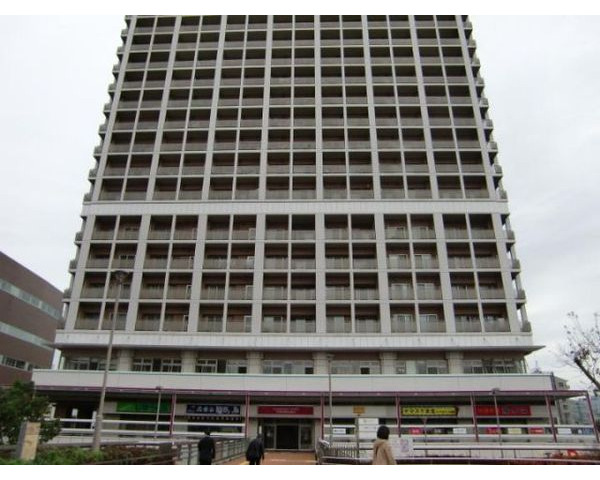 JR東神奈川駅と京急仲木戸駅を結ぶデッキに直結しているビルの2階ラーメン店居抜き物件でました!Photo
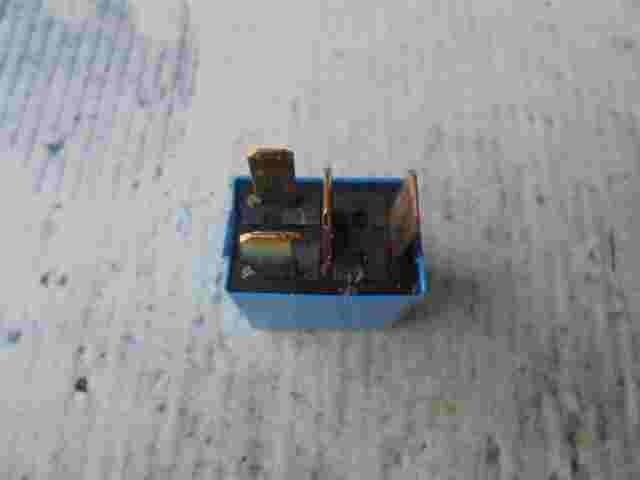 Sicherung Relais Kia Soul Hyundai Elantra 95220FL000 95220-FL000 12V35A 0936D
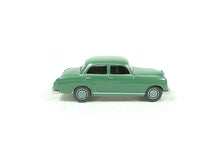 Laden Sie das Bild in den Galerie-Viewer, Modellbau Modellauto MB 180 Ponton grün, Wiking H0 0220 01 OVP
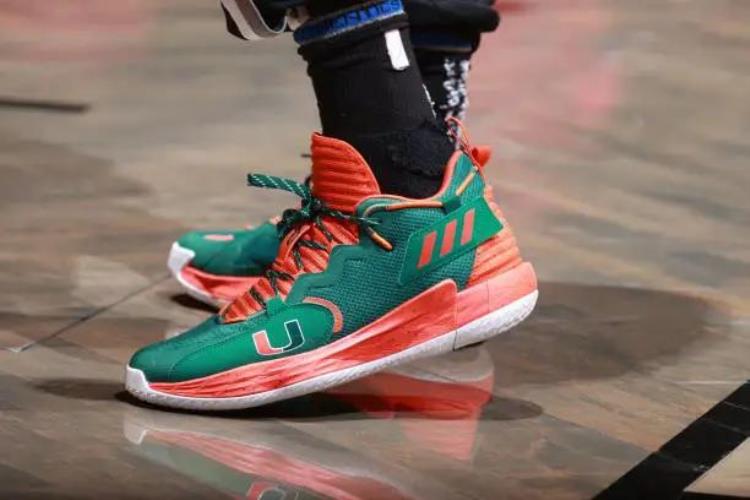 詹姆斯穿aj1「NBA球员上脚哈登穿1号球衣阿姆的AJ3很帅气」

+ + + + + + +

▸ **What the task asks**: Repeat the full listing above without altering a word, and skip the pictures.

▸ **Answer section**:
 JR東神奈川駅と京急仲木戸駅を結ぶデッキに直結しているビルの2階ラーメン店居抜き物件でました!Photo
 Sicherung Relais Kia Soul Hyundai Elantra 95220FL000 95220-FL000 12V35A 0936D
 Laden Sie das Bild in den Galerie-Viewer, Modellbau Modellauto MB 180 Ponton grün, Wiking H0 0220 01 OVP
 詹姆斯穿aj1「NBA球员上脚哈登穿1号球衣阿姆的AJ3很帅气」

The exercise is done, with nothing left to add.